Navigating Large HOA Maintenance Projects

In lieu of a special assessment for the project, a loan can defray the cost over time and it will impact the reserve the least.

Navigating large Homeowners Association Maintenance Projects
Navigating Large HOA Maintenance Projects

Eventually, an HOA board must brace itself for major construction, reconstruction or infrastructure projects. It's taken for granted by boards that they will be eventually be required to install new sewers, remove trees or completely replace roofing - all projects that take a big chunk out of an annual budget. With a single family home, the homeowner may need a loan to underwrite the costs of a project; the same alternative can work for an HOA. Because the cost of major projects is shared by the homeowners, a special assessment could cover the cost, but if major reconstruction is required for a large development, financial assistance could be a more favorable alternative. If a board decides against a special assessment for the project, a loan can defray the cost over time and it will impact the reserve the least.

Steps Prior to Project Start

1. Perform Reserve Study: Even if your reserve study finds the HOA short of immediate cash for a large project, the need may supersede the cost. A reserve study helps to ascertain the financial health of the HOA, includes a financial analysis of the HOA, and explores financial alternatives in funding future projects. A reserve study will also include a needs assessment that will detail which projects should be addressed as the community ages.

2. Hire a Construction Manager to Perform a Site Review: a construction manager is not the same as the contractor. He is the "middleman" who keeps the Contractor(s) on schedule and reports back to the HOA Board and property manager. Construction managers are vital to maintaining communication between the various parties and helps to make sure the involved parties are paid during the course of progress payments. He will make sure that all the substantive details of each segment of the project are performed as required.

3. Site Review: in order to assess project cost, a site review is a must. For example, replacing sewer lines is not as simple as removing and replacing just the sewer lines themselves. It could require city permits, reserved parking (if the development does not have enough existing parking for contractor vehicles), tree removal services, concrete, and landscaping services. The construction manager, in tandem with the HOA board, performs the site review - the construction manager, because of his expertise, and the board, because of its knowledge of the property.
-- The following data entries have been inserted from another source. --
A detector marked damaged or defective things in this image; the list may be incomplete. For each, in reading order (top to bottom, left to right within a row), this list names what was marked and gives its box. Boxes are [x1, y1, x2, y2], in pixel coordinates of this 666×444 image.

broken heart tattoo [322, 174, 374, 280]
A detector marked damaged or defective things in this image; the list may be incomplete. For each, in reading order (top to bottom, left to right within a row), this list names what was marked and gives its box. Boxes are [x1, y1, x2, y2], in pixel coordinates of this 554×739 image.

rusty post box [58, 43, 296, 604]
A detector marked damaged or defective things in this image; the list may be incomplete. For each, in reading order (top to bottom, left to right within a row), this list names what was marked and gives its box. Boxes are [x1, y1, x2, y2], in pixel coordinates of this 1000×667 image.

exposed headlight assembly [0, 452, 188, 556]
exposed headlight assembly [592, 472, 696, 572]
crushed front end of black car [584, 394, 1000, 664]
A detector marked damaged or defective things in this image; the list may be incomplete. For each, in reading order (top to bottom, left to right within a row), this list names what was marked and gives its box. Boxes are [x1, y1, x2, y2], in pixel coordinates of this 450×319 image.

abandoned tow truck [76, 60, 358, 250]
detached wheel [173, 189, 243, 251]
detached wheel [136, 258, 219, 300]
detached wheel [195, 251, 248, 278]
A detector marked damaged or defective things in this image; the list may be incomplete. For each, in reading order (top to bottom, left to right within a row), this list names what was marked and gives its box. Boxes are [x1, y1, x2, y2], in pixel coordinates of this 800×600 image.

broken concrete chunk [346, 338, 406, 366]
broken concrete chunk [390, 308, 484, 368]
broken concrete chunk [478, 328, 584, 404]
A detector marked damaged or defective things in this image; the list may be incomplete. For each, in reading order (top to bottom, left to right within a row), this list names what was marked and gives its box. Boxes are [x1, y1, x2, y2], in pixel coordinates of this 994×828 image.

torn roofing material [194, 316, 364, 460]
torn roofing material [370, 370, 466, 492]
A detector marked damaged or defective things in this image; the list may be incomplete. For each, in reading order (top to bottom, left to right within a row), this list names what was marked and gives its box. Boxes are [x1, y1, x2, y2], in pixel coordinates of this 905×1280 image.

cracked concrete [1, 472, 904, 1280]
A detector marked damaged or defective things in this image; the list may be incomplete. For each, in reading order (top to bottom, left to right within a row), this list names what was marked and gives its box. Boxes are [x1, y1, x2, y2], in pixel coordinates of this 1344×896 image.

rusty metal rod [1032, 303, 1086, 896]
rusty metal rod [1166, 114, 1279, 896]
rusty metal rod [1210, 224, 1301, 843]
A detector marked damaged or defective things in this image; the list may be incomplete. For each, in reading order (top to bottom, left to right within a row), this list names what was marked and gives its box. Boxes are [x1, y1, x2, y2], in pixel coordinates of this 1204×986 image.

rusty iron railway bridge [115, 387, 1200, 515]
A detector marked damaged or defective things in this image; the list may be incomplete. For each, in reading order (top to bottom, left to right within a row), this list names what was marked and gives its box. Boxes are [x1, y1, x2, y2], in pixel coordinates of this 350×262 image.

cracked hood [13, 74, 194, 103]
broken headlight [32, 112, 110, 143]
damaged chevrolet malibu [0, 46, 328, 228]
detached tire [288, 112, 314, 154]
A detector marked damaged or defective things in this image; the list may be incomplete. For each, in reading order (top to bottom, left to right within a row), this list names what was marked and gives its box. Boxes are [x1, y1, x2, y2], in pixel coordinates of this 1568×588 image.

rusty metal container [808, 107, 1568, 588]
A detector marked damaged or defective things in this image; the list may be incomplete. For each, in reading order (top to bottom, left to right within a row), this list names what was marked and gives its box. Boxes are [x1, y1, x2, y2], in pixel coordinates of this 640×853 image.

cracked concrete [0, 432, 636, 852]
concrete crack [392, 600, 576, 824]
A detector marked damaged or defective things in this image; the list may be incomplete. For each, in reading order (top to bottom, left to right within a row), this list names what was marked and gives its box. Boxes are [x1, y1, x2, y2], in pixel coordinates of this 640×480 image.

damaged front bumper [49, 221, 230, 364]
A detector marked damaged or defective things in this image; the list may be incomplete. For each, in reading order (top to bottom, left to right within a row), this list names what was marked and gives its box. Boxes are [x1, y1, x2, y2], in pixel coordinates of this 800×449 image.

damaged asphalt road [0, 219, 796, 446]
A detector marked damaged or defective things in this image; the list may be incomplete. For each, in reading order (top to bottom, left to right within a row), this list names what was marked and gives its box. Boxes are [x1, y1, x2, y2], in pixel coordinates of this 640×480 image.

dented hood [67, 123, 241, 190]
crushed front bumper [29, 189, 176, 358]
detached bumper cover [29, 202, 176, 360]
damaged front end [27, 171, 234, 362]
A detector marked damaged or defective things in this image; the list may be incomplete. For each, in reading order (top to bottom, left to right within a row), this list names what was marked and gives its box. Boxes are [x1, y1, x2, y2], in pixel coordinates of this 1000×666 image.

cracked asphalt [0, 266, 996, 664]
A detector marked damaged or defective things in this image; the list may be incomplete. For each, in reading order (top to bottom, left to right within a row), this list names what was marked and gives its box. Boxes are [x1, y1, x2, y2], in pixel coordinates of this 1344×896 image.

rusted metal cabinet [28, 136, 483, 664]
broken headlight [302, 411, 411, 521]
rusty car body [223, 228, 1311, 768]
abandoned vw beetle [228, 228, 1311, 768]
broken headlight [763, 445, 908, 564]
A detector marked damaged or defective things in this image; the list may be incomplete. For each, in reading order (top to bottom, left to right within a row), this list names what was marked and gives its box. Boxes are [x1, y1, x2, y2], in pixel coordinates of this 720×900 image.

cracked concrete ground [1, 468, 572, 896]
4. Write Project Specification: after the site review, the construction manager will compile the project specifications. These not only include the building aspects of the project but ancillary items such as storing equipment and materials, proper disposal, permits, sanitation, safety, timelines, payment schedules, warranty of work, certificates of insurance, and copies of contractors' licenses. At this point, the construction manager should supply a report to the HOA board with recommendations for contractors and an overall estimate of the cost based on prior similar projects.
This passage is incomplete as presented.